Donnie Yen says Ip Man 4 represents a 'good ending'
Donnie Yen thinks 'Ip Man 4: The Finale' represents a "very good ending" to his kung-fu acting career.
The 56-year-old actor has reprised the role of Wing Chun grandmaster Ip Man for the fourth and final time for the new movie, and Donnie believes it's the perfect moment for him to walk away from the money-spinning franchise.
He told the South China Morning Post newspaper: "I have starred in 78 movies in total. I did my best every time as I love movies ...
"People might view actors as filled with glory, but we, especially those of us who make action and kung-fu movies, have a very harsh life. Our bodies are filled with injuries and pain.
"I love each [of my] movies, but [I feel] I have already made [all the] breakthroughs [I can] in the kung-fu movie genre. For 'Ip Man 4' to be my swansong work, it's a very good ending."

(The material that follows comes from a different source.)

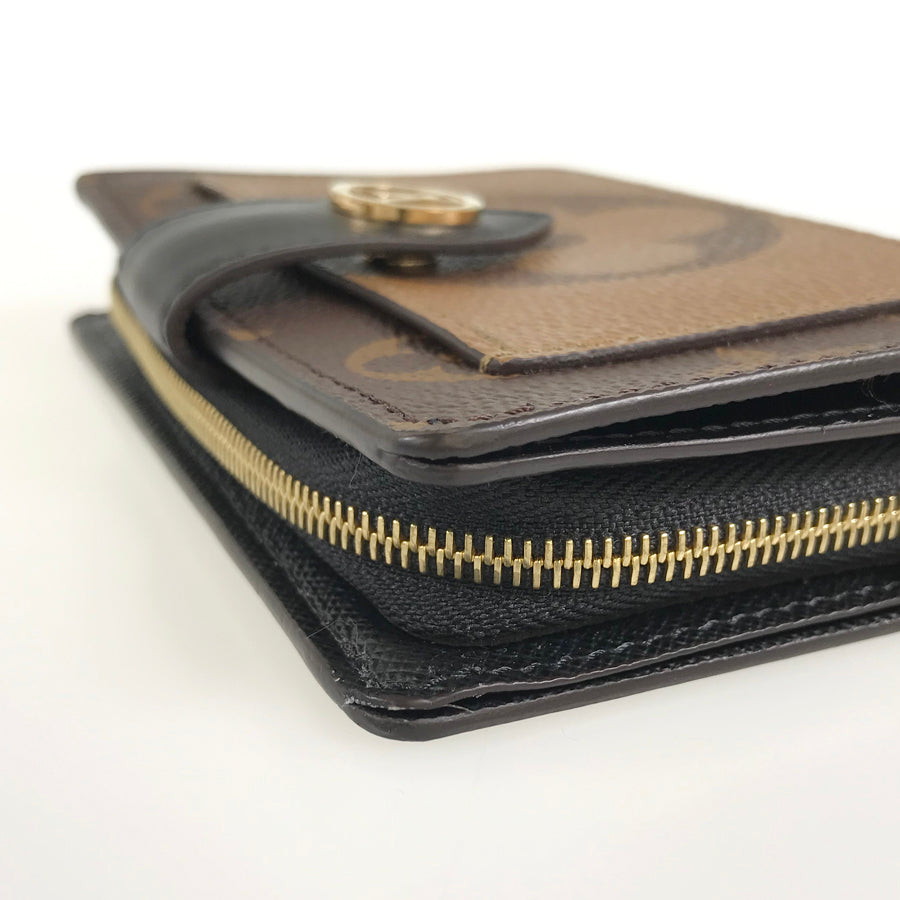 LOUIS VUITTON wallet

Donnie also hopes that his movies will "make the audience more passionate about kung-fu culture".
He explained: "I didn't say I'm retiring. I still have lots of passion.
"For kung-fu movies, I will participate as a director or producer. I hope my movies will make the audience more passionate about kung-fu culture."
Despite his recent appearances in high-profile movies, Donnie previously bemoaned the lack of opportunities for Asian men in Hollywood.
Donnie suggested that movie studios are sometimes reluctant to hire people like himself because they are considered to be "threatening and intimidating".
The actor - who appeared in 2016's 'Rogue One: A Star Wars Story' - reflected: "If you're a minority in this industry, the job opportunities are given to you ratio-wise. That doesn't mean Hollywood is giving Asian men equal opportunities, especially considering China's world status today and the development of other Asian countries too.
"We're influencing the rest of the world. But when you have an industry basically run by white people for decades, it's not going to change overnight. I do see a part that's changing. We see more Asian females, mostly females, because they're less threatening and intimidating."